:: THE DATA ::

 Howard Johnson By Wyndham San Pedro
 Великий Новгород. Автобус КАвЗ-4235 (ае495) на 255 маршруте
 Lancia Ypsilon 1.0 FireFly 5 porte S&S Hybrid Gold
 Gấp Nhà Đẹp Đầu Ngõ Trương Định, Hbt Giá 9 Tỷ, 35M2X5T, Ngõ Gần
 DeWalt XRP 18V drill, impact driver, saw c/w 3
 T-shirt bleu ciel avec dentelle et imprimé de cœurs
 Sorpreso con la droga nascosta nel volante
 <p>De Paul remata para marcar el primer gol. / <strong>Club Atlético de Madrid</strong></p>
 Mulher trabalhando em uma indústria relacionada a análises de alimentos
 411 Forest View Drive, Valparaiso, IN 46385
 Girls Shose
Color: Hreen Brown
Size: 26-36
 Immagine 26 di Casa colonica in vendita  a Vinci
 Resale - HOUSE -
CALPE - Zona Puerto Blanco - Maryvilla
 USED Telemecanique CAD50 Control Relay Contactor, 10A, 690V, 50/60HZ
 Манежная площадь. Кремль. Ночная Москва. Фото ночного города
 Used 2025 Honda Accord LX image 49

:::

### WHAT NEEDS TO BE DONE
Only the line containing "Манежная площадь. Кремль." and the lines after it, through the end of the data, should be copied, exactly as they are.

### TASK ANSWER
 Манежная площадь. Кремль. Ночная Москва. Фото ночного города
 Used 2025 Honda Accord LX image 49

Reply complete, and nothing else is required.